Countless tropical danainines floated above the heads of visitors to Sungei Buloh Wetland Reserve last weekend, sipping from flowering trees, circling and chasing after each other, and drifting to a halt on twigs that lie just beyond reach. Some were blue glassy tigers, Ideopsis vulgaris, a stalwart of coastal woods and juvenile captive of entwining milkweeds that grow by tidal banks. Dark glassy tigers, Parantica agleoides, also joined this nymphalid melee, sailing through the understorey and sampling with buttery leisure the nectaries of a monsoonal outpouring.
The native vegetation by the welcome pond, now largely drained of its fluids and finned inhabitants, continue to provide nourishment to the reserve's friendlier phases. Common palmflies, whose caterpillars grow up amid the fronds of coconuts and other arecaceous trees, stain their probosces in the pulp of Melastoma bushes, which threaten to impinge upon the boardwalk that links the car park to the visitor centre. Sated, the satyrines rest on the broad leaves of simpoh ayer but seldom let their guard down, erupting swiftly when they sense untoward attention to circle the perimeter and alight on rather less tantalising blades.

Dillenia suffruticosa, whose foliage also serves the diverse ablutionary needs of sunbirds, flowerpeckers and national servicemen, fuels the flight of pink-necked green pigeons, which shed caution during breakfast in a safe haven, inching their way to the terminal clusters of shrubs that overhang the water to rip out scarlet arils from unfolded fruit. Green crested lizards bask on the uppermost layers of dense groves, while bronzebacks, betrayed by eyes that sparkle in the shadows of a low canopy, slide up the branches with strong, silent grace.

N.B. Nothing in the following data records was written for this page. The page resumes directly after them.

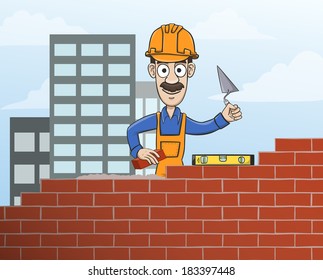 Construction site mason worker in helmet building red brick wall with trowel vector illustration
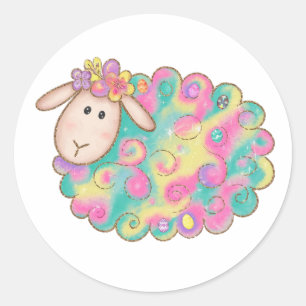 Kleurrijke schapensticker ronde sticker
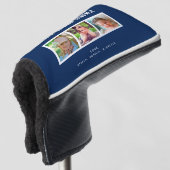 パパ最高のEver 3の写真をダークブルーゴルフヘッドコーブに ゴルフヘッドカバー (3/4 正面)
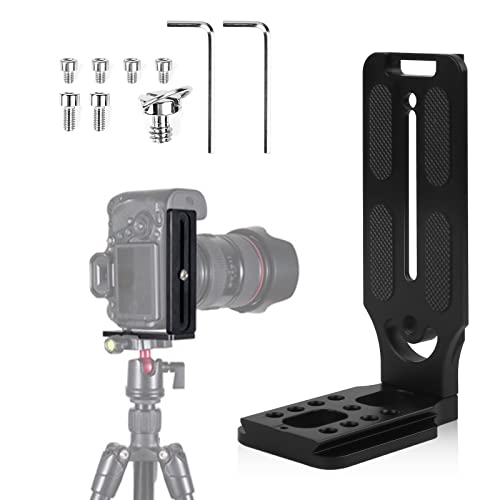 Aicharynic L-Halterung Schnellwechselplatte L-förmige Halterung Vertikale Universal DSLR Kamera L Halterung Aluminum, Compatible with die meisten Stative, Einbeinstative, Gimbal-Stabilisatoren von Aicharynic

In the mangroves beyond the bridge, Sumatran sunbeams dazzle with wings that resist the politics of colour, flitting at close quarters but never settling for more than a moment of fire. Deeper in the swamp, there is also a colony of studded sergeants, the largest local member of a genus of non-commissioned officers, each of which bears a distinct livery of dots, dashes and studs. A few individuals inevitably stray from their regiment in search of fresh assignments, and one such vagrant had winged its way to the gopura of a shrine to northern migrants, where it stood stiffly to attention on a platform of party green and paraded its uncommon rank to inferior beings who struggle on foot to pass the muster of a sailor in full command of its fleet.